AIM OF THE TASK:
No pictures, no extra lines: copy exactly from the line with "ZENAIDE NO CORAÇÃO DO POVO" through the end of the entries.

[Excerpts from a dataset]
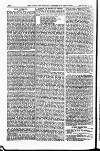 Field Saturday 21 January 1911 Page 42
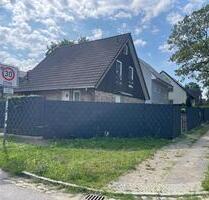 Zweifamilienhaus zu verkaufen - 485.000,00&nbsp;EUR Kaufpreis, ca.&nbsp; 82,00&nbsp;m&sup2; in Berlin (PLZ: 12621) Marzahn-Hellersdorf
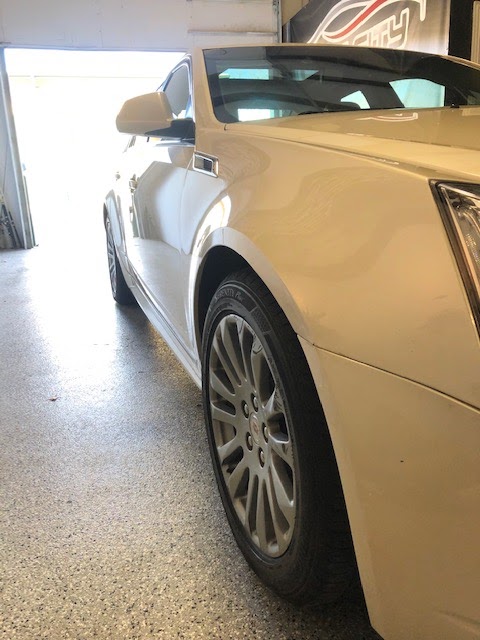 Dent City Hail Repair | 124 Rose Ln #101, Frisco, TX 75034 | Phone: (469) 971-8887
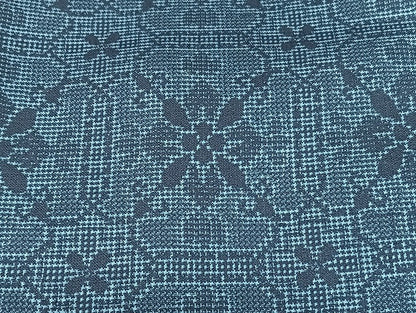 平和屋着物■道行コート まとめて 20点 鳳凰 花柄 暈し染め 駒刺繍 着用可能多数 未使用品あり 全て正絹 mmm1392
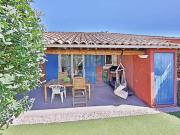 Maison 3 pièces 49 m²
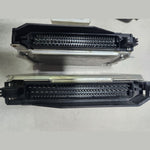 Load image into Gallery viewer, 1997 BMW 540i Engine Control Unit 1429884 E39 V8 SINGLE VANUS ECU SET 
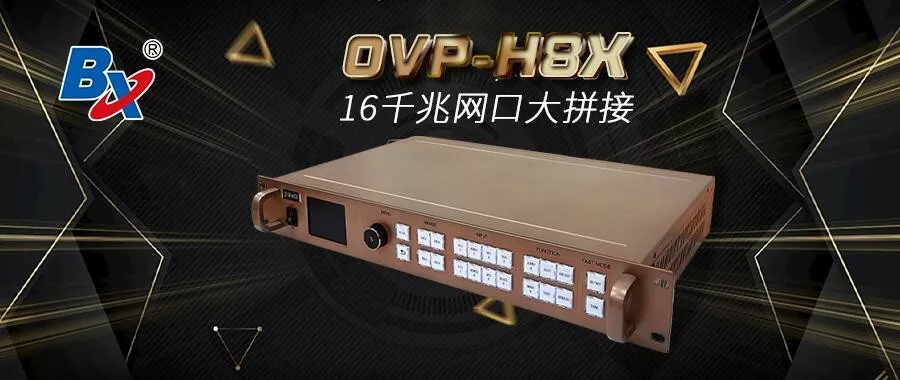 ����ᡤjnh(�й���)�ٷ���վ���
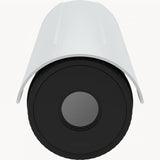 Axis Communications Q1942-E PT Mount Outdoor Thermal Network Bullet Camera (60mm Lens)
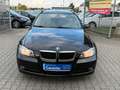 BMW 320 3 Touring 320d KLIMAAUTOMATIK*PDC*RCD*TEMPO* Noir - thumbnail 2
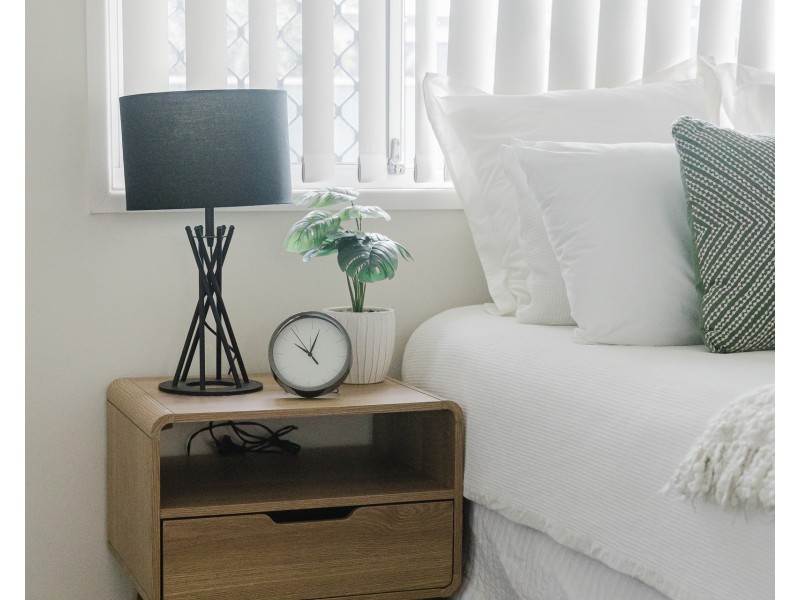 12 Scott Street, Cleveland QLD 4163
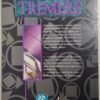 Livro do Clã: Tremere 2ed - Vampiro A Mascara - Image 2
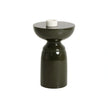 Sunpan Goya End Table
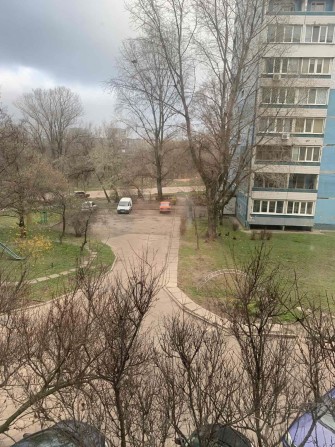 Продаж 1-кім. квартири Лівий берег, м. Кам’янське - фото 1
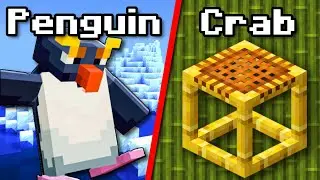 Watch This Before Minecraft Live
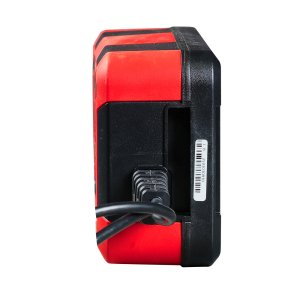 Зарядное устройство FUBAG MICRO 200/24 в Челябинске фото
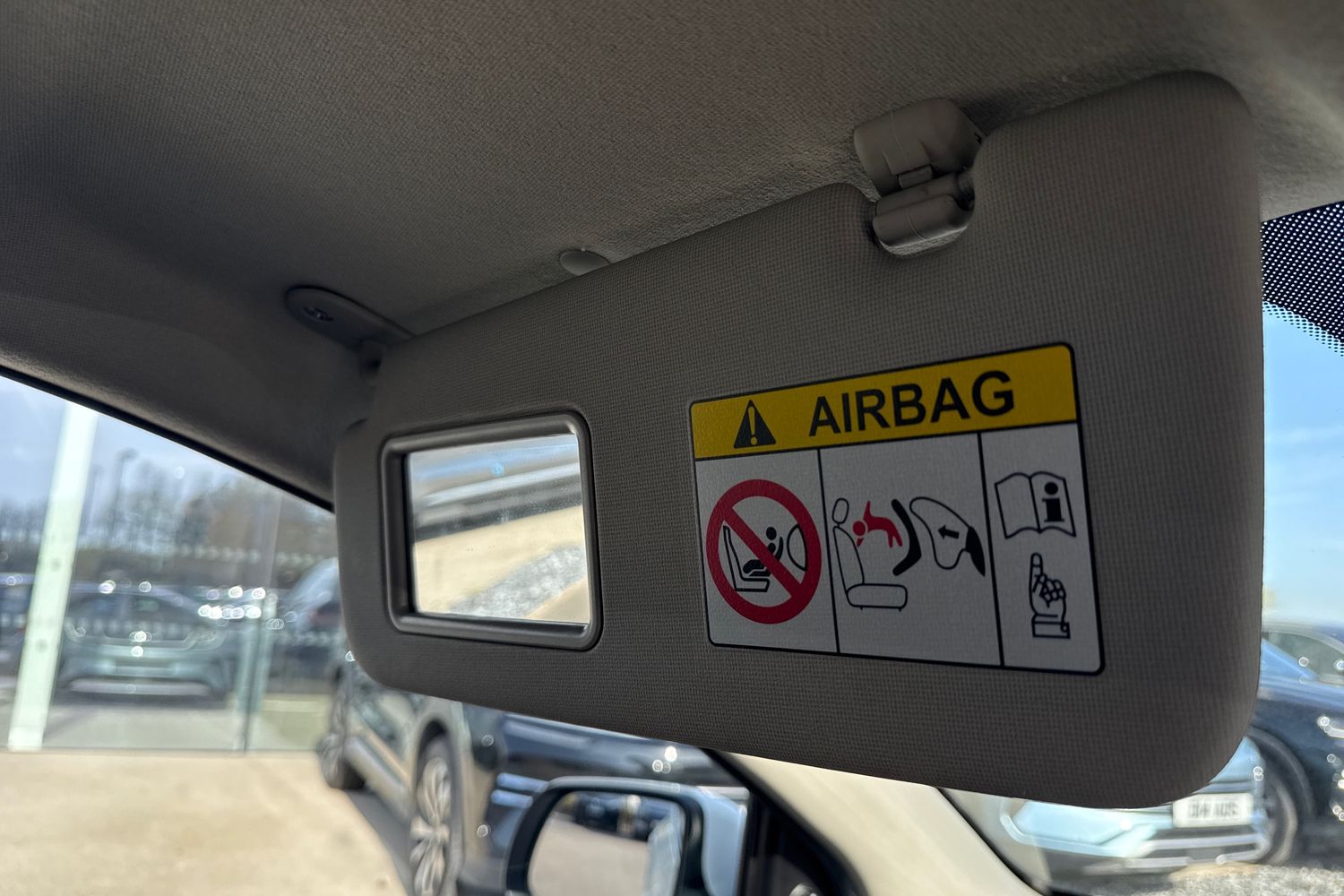 Used Kia Picanto 2016 for sale - 78168565: Photo 38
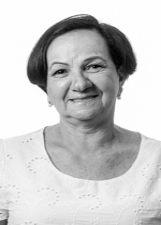 ZENAIDE NO CORAÇÃO DO POVO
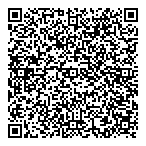 Factory Arts Custom Apparel QR Card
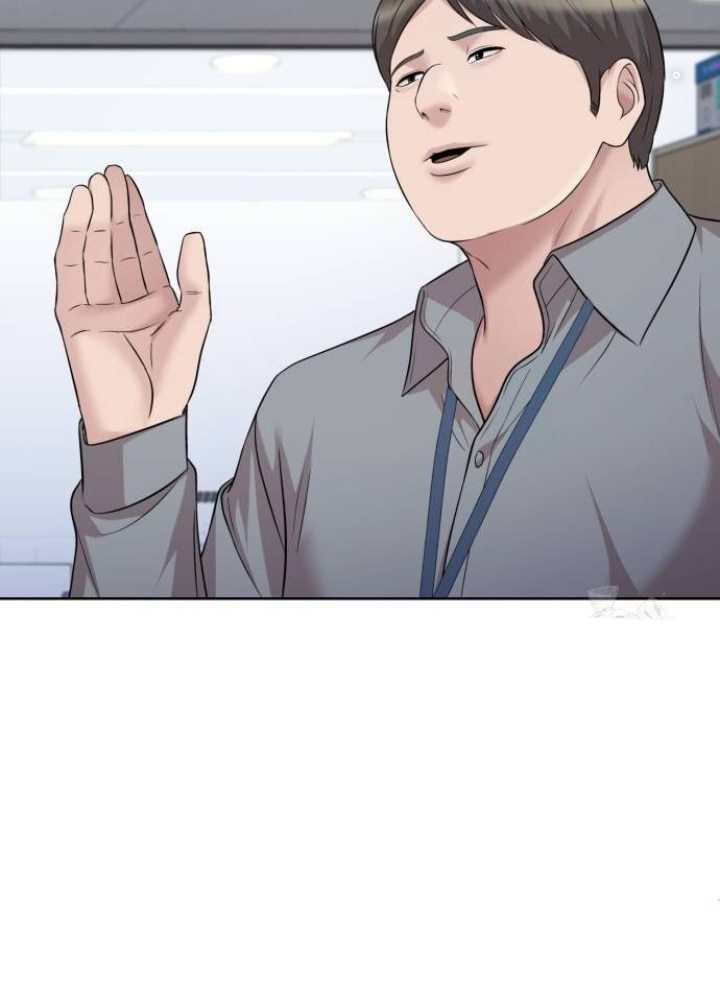 Người Trúng Độc Đắc Cũng Đi Làm Chapter 44 Warning: Attempt to read property "id" on null in /www/wwwroot/nettruyenssr.com/resources/cache/blade/11509feb6d5bd5044a2d4d6fd44a95e67117cd0b.php on line 314 - Trang 2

RESPONSE TO THE EXERCISE:
 ZENAIDE NO CORAÇÃO DO POVO
 Factory Arts Custom Apparel QR Card
 Người Trúng Độc Đắc Cũng Đi Làm Chapter 44 Warning: Attempt to read property "id" on null in /www/wwwroot/nettruyenssr.com/resources/cache/blade/11509feb6d5bd5044a2d4d6fd44a95e67117cd0b.php on line 314 - Trang 2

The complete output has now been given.